Sunday, January 06, 2008

Honest Kindness

This was the High Priest's message part of our ward's newsletter for January, 2008
One of the challenges of attempting to be like Christ is to find touchstones or guidance that works in day-to-day life. In finding specifics, I had it suggested to me that whenever I wondered if I was being Christlike, I should ask myself if I was being honest and if I was being kind.

Rather than general terms, I was told to ask myself if I was being gentle, pleasant and truthful. If I had doubts about the answer being yes, I needed to rethink what I was doing. If the answer made me feel angry, annoyed or resentful, I really needed to rethink what I was about to do.

I've just begun to try using the test, but it seems to guide me towards being more like Christ whenever I look to see if what I am doing is honest and kind and when if I ask the questions of myself about whether I am being honest and kind I feel good about myself rather than feeling hard thoughts about others.

May the new year help each of us find the grace and guidance that God has for us.

Saturday, January 05, 2008

Baptism this Saturday, small miracles.

Rachel is getting baptized this Saturday.

It has been a long time since we've had a child live long enough to be baptized. Kind of like her last milestone before we can go back to trying to live normally.

Strange how there are such hidden things in our lives, with such meaning.



In grief there are two kinds of milestones involving children, both hard to understand.

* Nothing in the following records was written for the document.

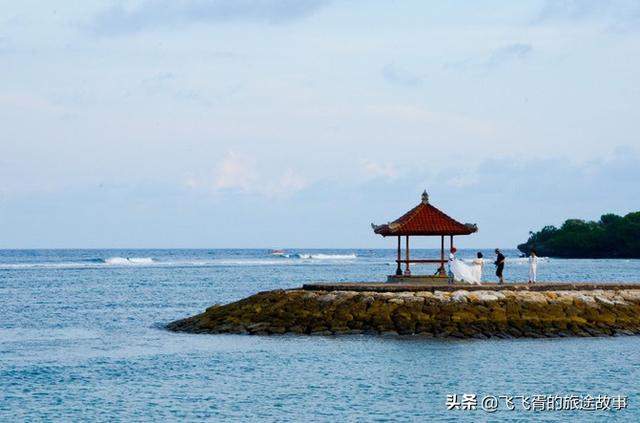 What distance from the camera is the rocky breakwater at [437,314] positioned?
39.7 metres

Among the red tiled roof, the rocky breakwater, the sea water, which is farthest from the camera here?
the red tiled roof

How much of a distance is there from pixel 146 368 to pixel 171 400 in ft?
17.5

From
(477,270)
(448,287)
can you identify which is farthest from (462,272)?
(448,287)

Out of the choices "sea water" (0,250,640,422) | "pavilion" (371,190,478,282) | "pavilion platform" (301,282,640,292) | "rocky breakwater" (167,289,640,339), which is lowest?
"sea water" (0,250,640,422)

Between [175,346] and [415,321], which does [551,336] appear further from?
[175,346]

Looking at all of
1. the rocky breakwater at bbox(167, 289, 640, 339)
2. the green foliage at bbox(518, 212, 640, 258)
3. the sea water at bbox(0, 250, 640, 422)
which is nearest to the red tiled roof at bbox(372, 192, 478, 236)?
the rocky breakwater at bbox(167, 289, 640, 339)

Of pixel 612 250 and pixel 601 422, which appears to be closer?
pixel 601 422

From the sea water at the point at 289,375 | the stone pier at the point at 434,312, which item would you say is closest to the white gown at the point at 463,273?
the stone pier at the point at 434,312

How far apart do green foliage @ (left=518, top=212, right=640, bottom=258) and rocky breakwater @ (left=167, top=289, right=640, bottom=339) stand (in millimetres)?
123197

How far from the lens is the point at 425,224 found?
1752 inches

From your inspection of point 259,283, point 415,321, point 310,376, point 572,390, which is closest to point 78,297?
point 259,283

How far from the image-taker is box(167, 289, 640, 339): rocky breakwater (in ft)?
130

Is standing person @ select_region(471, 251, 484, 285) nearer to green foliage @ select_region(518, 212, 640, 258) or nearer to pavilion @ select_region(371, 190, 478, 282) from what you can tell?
pavilion @ select_region(371, 190, 478, 282)

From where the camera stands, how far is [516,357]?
34875 mm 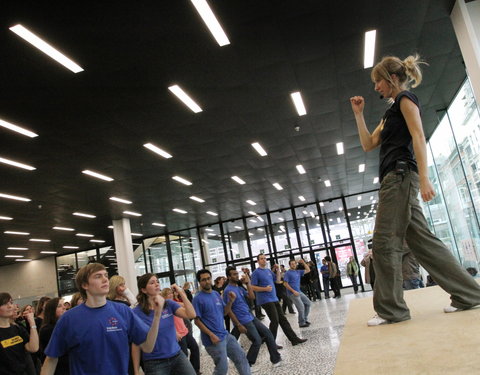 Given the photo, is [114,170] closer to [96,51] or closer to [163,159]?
[163,159]

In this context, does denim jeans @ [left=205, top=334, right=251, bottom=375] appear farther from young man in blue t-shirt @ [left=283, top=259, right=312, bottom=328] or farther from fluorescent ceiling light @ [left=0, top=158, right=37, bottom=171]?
A: fluorescent ceiling light @ [left=0, top=158, right=37, bottom=171]

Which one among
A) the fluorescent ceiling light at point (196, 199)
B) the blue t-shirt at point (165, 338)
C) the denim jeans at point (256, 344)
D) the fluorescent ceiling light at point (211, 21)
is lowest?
the denim jeans at point (256, 344)

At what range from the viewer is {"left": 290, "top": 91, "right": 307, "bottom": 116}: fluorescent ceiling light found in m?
6.74

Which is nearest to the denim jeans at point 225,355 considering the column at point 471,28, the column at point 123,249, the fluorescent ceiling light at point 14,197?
the column at point 471,28

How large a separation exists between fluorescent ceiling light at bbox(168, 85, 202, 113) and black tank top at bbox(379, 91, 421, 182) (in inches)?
176

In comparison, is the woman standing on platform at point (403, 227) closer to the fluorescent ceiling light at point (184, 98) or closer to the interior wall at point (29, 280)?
the fluorescent ceiling light at point (184, 98)

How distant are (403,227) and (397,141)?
0.38 meters

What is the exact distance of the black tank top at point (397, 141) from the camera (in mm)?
1717

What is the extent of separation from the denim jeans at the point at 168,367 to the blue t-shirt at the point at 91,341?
1.07 metres

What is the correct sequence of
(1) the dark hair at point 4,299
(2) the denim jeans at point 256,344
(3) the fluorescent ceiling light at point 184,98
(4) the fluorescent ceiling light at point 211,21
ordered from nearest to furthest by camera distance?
(1) the dark hair at point 4,299 → (4) the fluorescent ceiling light at point 211,21 → (2) the denim jeans at point 256,344 → (3) the fluorescent ceiling light at point 184,98

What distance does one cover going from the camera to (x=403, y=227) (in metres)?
1.65

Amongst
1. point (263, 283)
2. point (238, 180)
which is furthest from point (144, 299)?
point (238, 180)

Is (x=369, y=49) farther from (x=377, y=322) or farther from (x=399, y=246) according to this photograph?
(x=377, y=322)

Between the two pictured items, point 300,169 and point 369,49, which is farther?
point 300,169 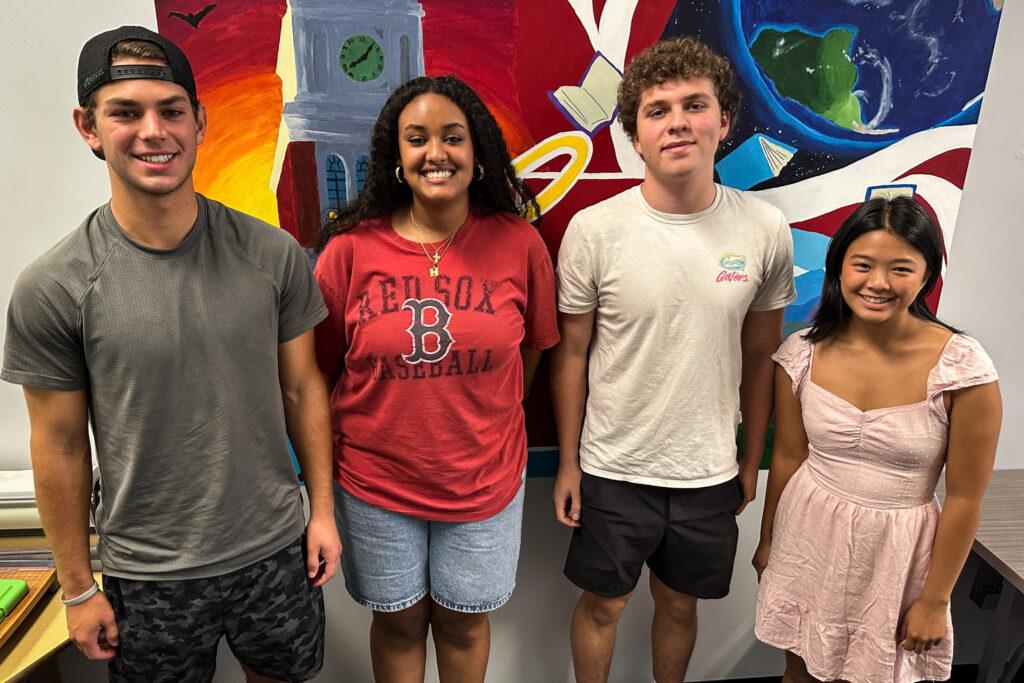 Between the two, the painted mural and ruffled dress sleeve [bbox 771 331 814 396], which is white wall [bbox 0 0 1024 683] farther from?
ruffled dress sleeve [bbox 771 331 814 396]

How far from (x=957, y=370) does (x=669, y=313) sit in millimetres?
545

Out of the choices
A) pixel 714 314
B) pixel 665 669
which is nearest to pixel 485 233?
pixel 714 314

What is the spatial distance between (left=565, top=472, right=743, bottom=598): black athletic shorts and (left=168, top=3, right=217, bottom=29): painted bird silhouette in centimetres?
133

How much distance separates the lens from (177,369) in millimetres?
1073

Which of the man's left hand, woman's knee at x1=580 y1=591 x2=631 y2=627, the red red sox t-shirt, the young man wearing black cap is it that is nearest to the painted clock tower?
the red red sox t-shirt

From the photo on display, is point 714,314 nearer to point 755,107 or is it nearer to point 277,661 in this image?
point 755,107

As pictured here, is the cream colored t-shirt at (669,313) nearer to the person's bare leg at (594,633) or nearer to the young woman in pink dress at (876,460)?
the young woman in pink dress at (876,460)

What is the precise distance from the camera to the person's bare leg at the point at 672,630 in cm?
170

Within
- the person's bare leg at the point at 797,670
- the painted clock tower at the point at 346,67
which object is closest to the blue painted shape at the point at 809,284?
the person's bare leg at the point at 797,670

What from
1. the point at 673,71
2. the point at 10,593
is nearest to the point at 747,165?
the point at 673,71

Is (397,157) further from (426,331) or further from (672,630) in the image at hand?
(672,630)

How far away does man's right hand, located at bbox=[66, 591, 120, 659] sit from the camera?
1.13 metres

As Jessica's friends were baptized, had bat mitzvahs, went to college, got married and went through other life stages, there was such bitter-sweet sorrow in her not being there, not doing the same things. At the same time, there is comfort in the fact that life is going on and such joy to see her friends doing well. By all means I was much happier to see the events than if I had missed them.

The other is as children reach the ages that siblings died at, it is as if a heavy weight is lifted each time. Jessica so wanted to be baptized. To see Rachel go through that event was so sweet, as if she had finally begun to live, while at the same time it was one of the first kind of milestones as well.

Life is so many small miracles, so much joy, so much perspective. I am glad of it.